Sinister: B&S and the flaming hand

William Harris wmh74 at xxx.com
Mon Jul 17 01:55:15 BST 2000


Comrades. Thought I'd take a plunge into the slightly frightening and 
sinister world here as I got out of the nursury a week or so ago. Yes...yet 
another babe. I suppose I could chime in about the whole Floyd thread, but 
you all seem to be doing quite nicely on that front. Instead, I think I'll 
just tell a little story about how B&S found me (or vice versa). If you get 
annoyed at silly stories, please skip this post.

About three years ago, I was sitting in the vulgar and shady backyard of my 
friend's parents place (she had just graduated college or something and we 
were all celebrating). I didn't really know a lot of the people there and 
those that I did know, I tried to avoid. Another friend of mind (Josh) was 
there and so we retired to the corner of the yard with our beverages and 
started to shoot the proverbial breeze, etc.

The night wore on and on and Josh started to tell me of this wonderful, 
shiny new CD he had bought (B&S of course--IYFS). When he went to go get the 
CD from his car or wherever he had the thing stashed (perhaps I'd rather not 
know this) and retrieve a portable CD player, a few other folks wandered by. 
One of them (Jay) was one of those morons who don't quite know they are 
morons, but somewhere deeply buried in their psyche they have a vague 
sensation that they actually *might* be. Does that make sense? Like he feels 
slightly goofy for being so thick-skulled, but he does nothing to stop it 
(if you feel I'm being overly judgemental please read on).

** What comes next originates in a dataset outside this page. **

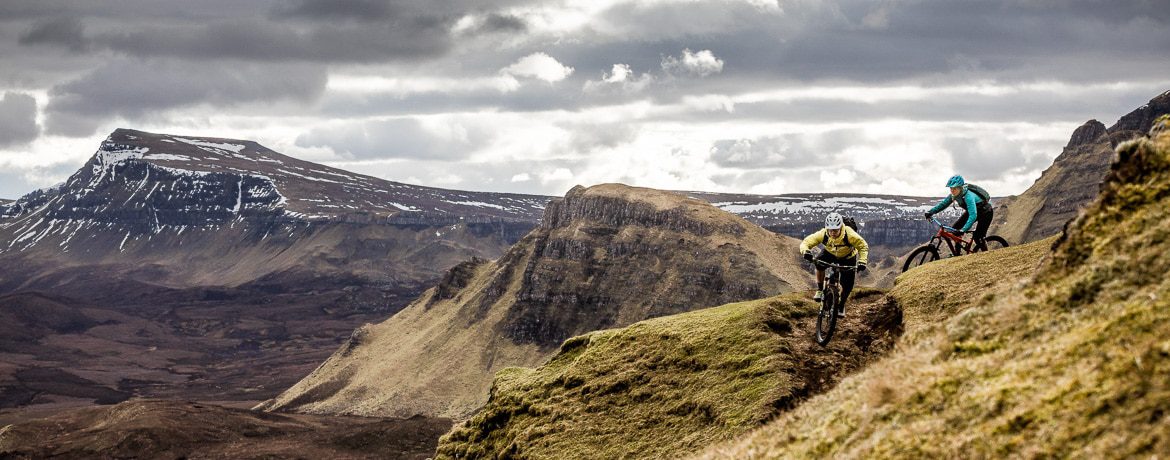 Mountain bikers riding the Quiraing on the Isle of Skye.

So there we were. Sitting under a large oak tree, drinking and (eventually) 
listening to Belle and Sebastian. It was wonderful. From the first tenative 
"Make a new cult everday to suit your affairs" I knew this was special. 
Until Jay began to get rather sloppily drunk and decided he would do a shot 
of something or other and light it on fire. Jay took his bottle and poured a 
very full shot and a bunch of the alcohol spilled onto his hand and arm. He 
giggled and took out a lighter (I tried to warn him I swear). Well, of 
course, phoof. Right when I was really digging "Like Dylan in the 
Movies"...Jay's waving his flaming hand in the air fueling the flames and 
they grew and grew and we yelled at him to smother the flames (Oh how 
alcohol burns!) and he's just got this kind of bemused look on his face like 
this is the coolest thing he's ever seen and not really worried that the 
flames are starting to dart up his arm toward his shoulder. Finally I jumped 
up and took off my shirt (not for the faint hearted) and smothered the 
flames. It took a few seconds and Jay is laughing 'cause he's so drunk and 
rather a moron anyway (do you see now?).

Well...the drama really added to the music (not that it really needs it). 
But we sat back down and I thought how nice it was to have "found" a new 
band that was soooo fey and silly and beautiful and not at all like Jay and 
his singed hand.

That's all for now.

Love, sinister giggles, and hugs (or pats on the backs for any who shy from 
physical contact),

Bill H.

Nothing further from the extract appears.